Manor Park Classics is about ten minutes up the road from me, which means I’ve got no excuse. So this year I’m making a point of getting to as many open viewing days as I can.
Last Wednesday, I spent a couple of hours wandering around before their auction days on the Friday and Saturday.
I took a load of photos while I was there. The full set is in the gallery here: Manor Park Classics viewing day photo gallery.
Viewing days have a particular calm to them. It’s not the loud theatre of the auction process, it’s the quiet before it. More like a working showroom crossed with a museum where the exhibits might follow you home if you’re not careful. And because Manor Park has strong ties with Phoenix Classics, I can’t go five minutes without bumping into someone I know. I had a good catch-up with a few Phoenix faces and a chat with the staff who always seem happy to talk cars.

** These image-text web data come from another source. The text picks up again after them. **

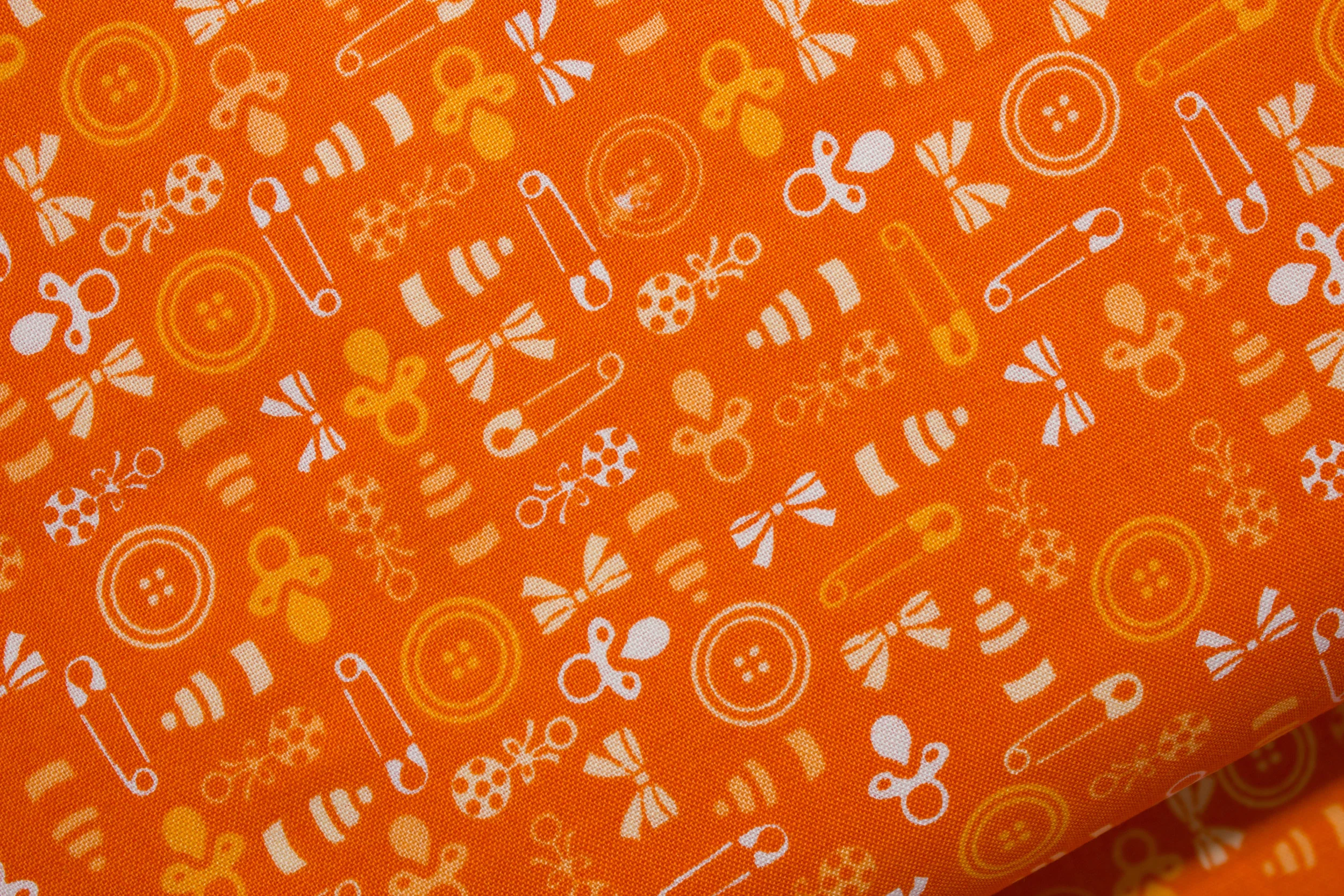 Baby Talk: Orange Pacifiers and Rattles on Orange
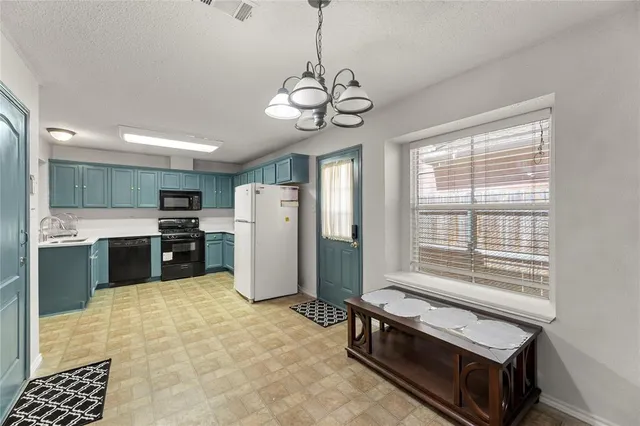 a spacious bathroom with a granite countertop sink a large mirror and a shower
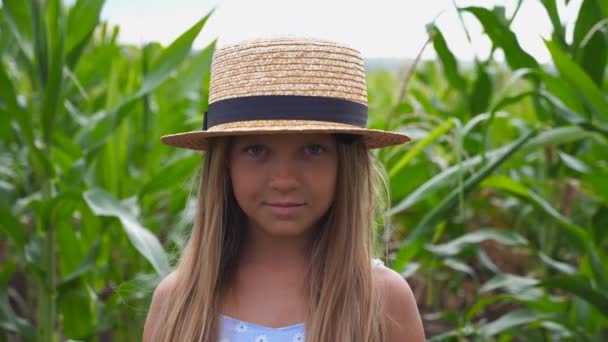 Primer plano de la niña sonriente en sombrero de paja mirando a la cámara en el prado en la granja orgánica. Retrato de un niño pequeño y feliz con el pelo largo y rubio de pie sobre el fondo borroso del campo de maíz — Vídeo de stock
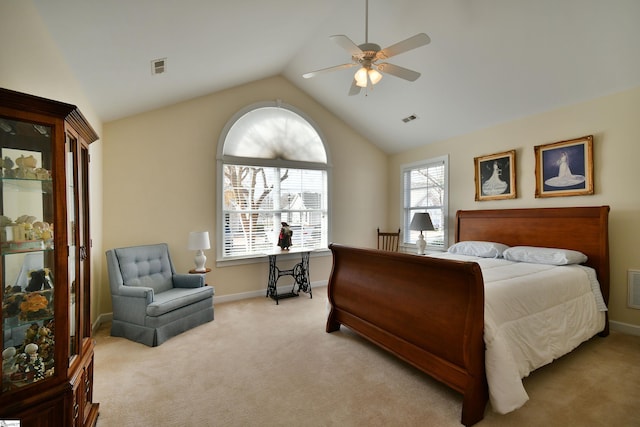 carpeted bedroom featuring vaulted ceiling and ceiling fan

What I like most is the sheer variety. In one slow lap you can go from “that’s a tidy old thing” to “I didn’t even know any of those still existed” and then, inevitably, to “I’ll have that, thanks” (the same way I say it about a Tudor house with a massive barn of a garage in Cheshire I can’t afford). There’s nearly always something rare, something odd and something that presses a button you didn’t know you had.
The heavy hitters
I kept coming back to the E24 BMW 635. It’s one of those shapes that has aged beautifully, all long bonnet, shark-nose and low roofline. This one’s a UK Motorsport Edition in Nogaro Silver, believed to be one of 60, with plenty of paperwork and a recent refresh. The original TRX metrics have been binned for cross-spoke split rims on low-pros and it suits it - just a touch more modern without ruining the look.
Then there was the Mercedes-Benz 560 SEC, which is what happens when a company at the height of its powers decides to build a coupé without equal. Peak Bruno Sacco: huge, expensive-looking and completely unbothered. Gleaming under the lights in Nautic Blue with beige leather, it had clearly had serious money thrown at it to get it right.
And finally, the one that really got me was the E39 Alpina B10. Alpina have always nailed that blend of aggression and continent-crushing comfort. This one’s a rare five-speed with the numbered plaque and an attitude that starts a conversation wherever it goes.
The ones that got under my skin
There was also a lovely BMW 530i (E39) in Glacier Green with light silver-grey leather. That colour is late-90s optimism, like a brochure shot outside a business park where everyone’s smiling in a world of AOL CDs and Zip drives. The car looked nicely kept and factory standard, with just 57,000 miles showing - getting on for 100,000 fewer than on my own E39. I still think mine looks better in Topaz Blue, but the Glacier Green got me thinking.
The Mercedes 190 stopped me because it was just so right. Factory Light Ivory, Light Tan leather, an absurd number of stamped service entries and just under 80,000 miles. It had that “minter” feel, someone’s been quietly cherishing it for decades.
Speaking of colours, the BMW Z3 in Turquoise was a proper show-stopper. In photos you might think it’s novelty. In the metal it’s brilliant, then it doubles down with green leather and burr walnut. It’s wonderfully wrong in the best ’90s Germanic way.
And then came the proper bargain temptation: a 1994 Saab 900 SE Turbo three-door coupé, bright red with anthracite trim, that went on to sell for just £1,620. I can’t remember the last time I saw a tidy New Generation 900 in the wild. Despite GM’s best efforts to knock the edges off, Saab still managed to keep the quirkiness baked in.
There was also the sort of bargain temptation Manor Park is particularly good at serving up: the E46 BMW 330i, a JDM import with comprehensive history, showing just over 30,000 miles and wearing Alpine White. I can’t help wondering how many people would still do a rear-view double-take, half convinced it’s an unmarked police car. And look at those gingicators, the glorious orange front indicators, it took me a moment to work out why the front looked different.
Why I keep going back
It’s easy to treat auction houses like they’re only for buyers and bidders, but the viewing days are something else. It’s the calm before the noise: the cars lined up, people wandering, the odd conversation between strangers who clearly get it.
For me it’s also local and tied into Phoenix, which means it becomes part cars, part catch-up, part nosy wander. You leave with a few new stories, a few new favourites and the sense you’ve spent an afternoon in the right sort of company. I’ll be back at the next one.